Ultimately, that's why MS is interested in Facebook - not just because of traction, etc: but because the strategic similarities between the two players are now becoming increasingly - disturbingly - clear.
In other words, this is a game - closure, lock-in, etc - that MS knows how to play.
But strategy is a function of economics. And today's economics are radically different from those that let Microsoft rise to power: so, unfortunately, this is also a game with decaying payoffs.
Today, I think, even geeks (especially geeks) should be the ones clamoring for Facebook to bring down the iron curtains.
For example, Phil made an interesting comment about Facebook/closed nets and security. Good point. But it's a false dichotomy: we can have open nets and plenty of security. All that requires is (uh oh) giving connected consumers control over who/when/where/how can utilize their graph data,
In the bigger picture, we have to think strategically. Do we gain more by opening up than by staying closed? I think the answer is inevitable - yes.
But in the real world, this choice will largely be driven by geeks. If geeks see the bigger strategic picture, Facebook perestroika will happen fast. If they don't, it will still happen - just more slowly.

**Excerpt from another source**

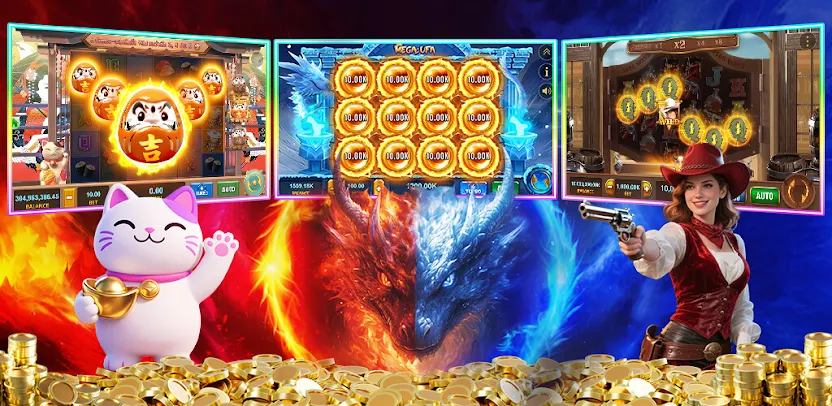 Jogos exclusivos e atualizações constantes da KB Bet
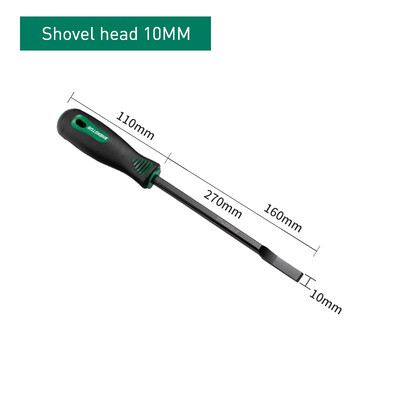 Tihendi kaabitsa tööriist Tööstuslik auto kaabitsa tera auto mootori silindri õli mustuse silindri hermeetiku puhastusvahendite puhastamiseks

Just imagine a future where Facebook = Microsoft.
Could there be any deeper validation of what we've been arguing - that Facebook's evil, and that it's strategy is obsolete?
Could there be any clearer signal that Facebook stands for...well...
everything that the real visionaries in the Valley don't, than the fact that it's dancing with - and being seduced by - the devil?
Lolz - nope.
Final note - does the deal math make sense? Well, if you're drinking the kool-aid, perhaps. But if you've been following the argument, I don't think Facebook, in terms of long-run value creation, is gonna be the next Google...
Comments:
Bingo.. Facebook is the new Passport/Live ID. I knew Facebook was evil the day I tried to sign up and couldn't because I no longer had a school issued email address. Who the hell would want to join a social network of a school you never attended anyways?
Umair,
I agree with a lot of what you're saying here. Certainly MS + FB are a good match precisely because a closed Facebook is the kind of platform that MS can understand and love.
I can even see how that parses as "evil". But if you take "evil" to mean "destroying value" then I'm not so sure.
I think the important point to drill-down into is : "what sort of application do you build on a social-network-as-platform?"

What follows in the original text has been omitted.